También dejó notar su presencia activa en el periodismo, ya
que fue colaborador, redactor, fundador o director (y hasta propietario,
en algún caso) de numerosas publicaciones como El Correo Nacional,
El Arpa del Creyente, el Semanario Pintoresco Español,
El Siglo Pintoresco, El Español y su Revista
Literaria, La España, El Padre Cobos y El
Pensamiento Español, por citar solo los más importantes.
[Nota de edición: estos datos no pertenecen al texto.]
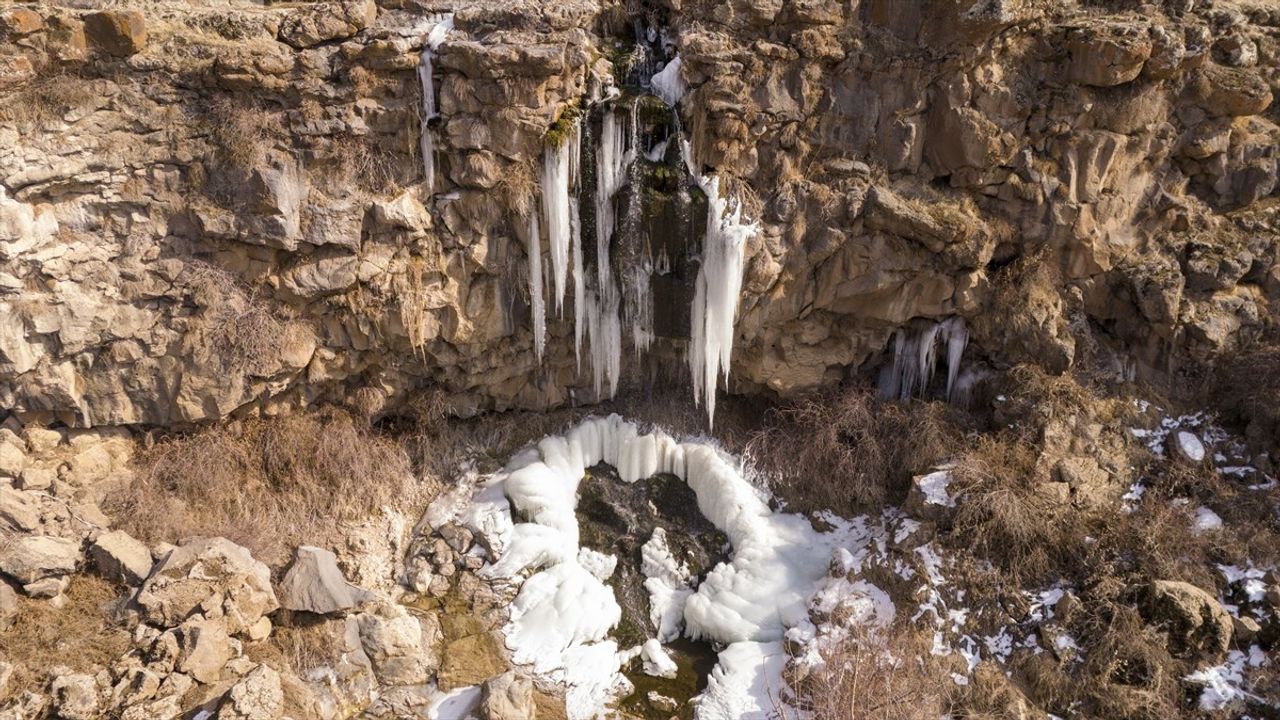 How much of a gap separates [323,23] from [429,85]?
133 cm

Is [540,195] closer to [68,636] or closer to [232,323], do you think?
[232,323]

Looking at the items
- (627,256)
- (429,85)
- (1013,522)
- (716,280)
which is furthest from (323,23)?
(1013,522)

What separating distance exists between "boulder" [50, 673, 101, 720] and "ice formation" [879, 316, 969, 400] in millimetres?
10109

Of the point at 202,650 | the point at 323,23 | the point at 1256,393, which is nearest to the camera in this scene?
the point at 202,650

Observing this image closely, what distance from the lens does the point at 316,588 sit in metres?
8.71

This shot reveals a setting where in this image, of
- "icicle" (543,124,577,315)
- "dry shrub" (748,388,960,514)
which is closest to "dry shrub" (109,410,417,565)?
"icicle" (543,124,577,315)

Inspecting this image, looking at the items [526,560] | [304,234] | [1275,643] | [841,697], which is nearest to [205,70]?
[304,234]

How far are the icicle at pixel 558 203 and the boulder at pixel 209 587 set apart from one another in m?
4.80

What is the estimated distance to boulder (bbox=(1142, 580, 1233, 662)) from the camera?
319 inches

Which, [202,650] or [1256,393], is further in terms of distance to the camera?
[1256,393]

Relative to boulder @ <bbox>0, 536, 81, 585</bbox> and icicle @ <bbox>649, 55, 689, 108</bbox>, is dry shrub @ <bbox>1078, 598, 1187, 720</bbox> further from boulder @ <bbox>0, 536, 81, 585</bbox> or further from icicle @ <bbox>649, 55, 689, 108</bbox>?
boulder @ <bbox>0, 536, 81, 585</bbox>

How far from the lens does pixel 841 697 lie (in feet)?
25.9

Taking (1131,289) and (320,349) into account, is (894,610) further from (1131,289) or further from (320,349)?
(320,349)

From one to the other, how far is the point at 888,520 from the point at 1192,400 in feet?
14.9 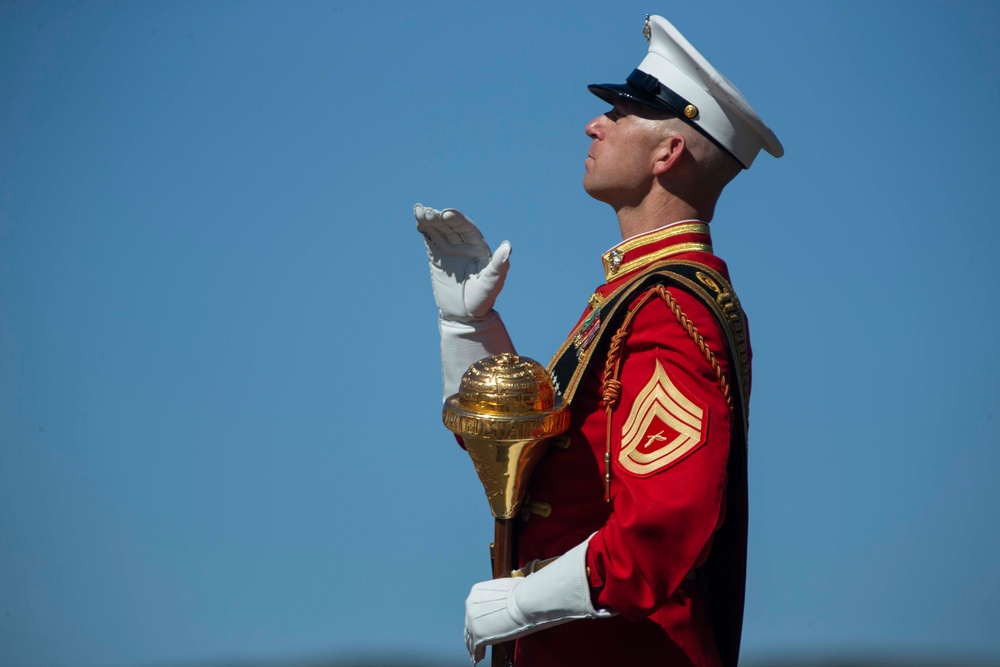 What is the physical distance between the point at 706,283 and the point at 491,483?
1.74 feet

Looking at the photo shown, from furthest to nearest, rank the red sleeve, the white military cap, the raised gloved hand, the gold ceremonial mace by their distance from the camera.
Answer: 1. the raised gloved hand
2. the white military cap
3. the gold ceremonial mace
4. the red sleeve

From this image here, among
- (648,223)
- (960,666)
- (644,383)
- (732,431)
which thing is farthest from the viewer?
(960,666)

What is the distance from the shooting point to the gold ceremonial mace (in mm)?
1944

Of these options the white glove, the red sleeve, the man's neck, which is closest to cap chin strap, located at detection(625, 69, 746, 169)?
the man's neck

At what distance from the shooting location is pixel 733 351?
6.44 ft

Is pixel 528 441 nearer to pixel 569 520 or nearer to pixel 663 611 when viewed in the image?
pixel 569 520

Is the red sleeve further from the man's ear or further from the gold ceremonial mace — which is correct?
the man's ear

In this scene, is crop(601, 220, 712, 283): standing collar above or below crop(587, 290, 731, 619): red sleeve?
above

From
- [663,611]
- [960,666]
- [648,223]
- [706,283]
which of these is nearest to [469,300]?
[648,223]

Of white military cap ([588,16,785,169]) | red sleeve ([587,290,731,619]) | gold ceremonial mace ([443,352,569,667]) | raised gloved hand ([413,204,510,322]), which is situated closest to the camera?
red sleeve ([587,290,731,619])

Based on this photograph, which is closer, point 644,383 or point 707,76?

En ambos terrenos, la política y el periodismo, defendió siempre
Navarro Villoslada las ideas tradicionalistas, que son la piedra angular
en la construcción de su pensamiento.
Dentro
ya del terreno de la literatura, Navarro Villoslada suele ser recordado
fundamentalmente como un romántico rezagado que se sumó a
la moda de la novela histórica a la manera de Walter Scott. Publicó
Doña Blanca de Navarra, en 1847, y Doña Urraca
de Castilla, en 1849; después, tras un paréntesis de
casi treinta años en los que se vio envuelto en el torbellino de
la política y el periodismo, apareció su obra más famosa,
Amaya o los vascos en el siglo VIII (1879).
Pero Navarro Villoslada también produjo obras pertenecientes a otros
géneros literarios: fue novelista de folletín, poeta (épico
y lírico), dramaturgo, autor costumbrista, cuentista…
Novelas
no históricas son Las dos hermanas, El Antecristo
o Historia de muchos Pepes; de sus artículos costumbristas
destacan «El canónigo», «El arriero» y «La
mujer de Navarra»; «La luna de enero», «Aventuras
de un filarmónico» y «Mi vecina» son algunos divertidos
cuentos, mientras que «La muerte de César Borja» y «El
castillo de Marcilla» pertenecen al género de la leyenda histórica.
Como autor dramático, se dedicó tanto a la comedia de asunto
serio (La prensa libre) o de tono humorístico (Los encantos
de la voz), sin desdeñar tampoco el drama histórico (Echarse
en brazos de Dios) e incluso cierta incursión en la zarzuela
(escribió el libreto de La dama del rey, al que puso música
Emilio Arrieta). A todo ello habría que añadir sus poesías
y otras obras menores, biografías y traducciones.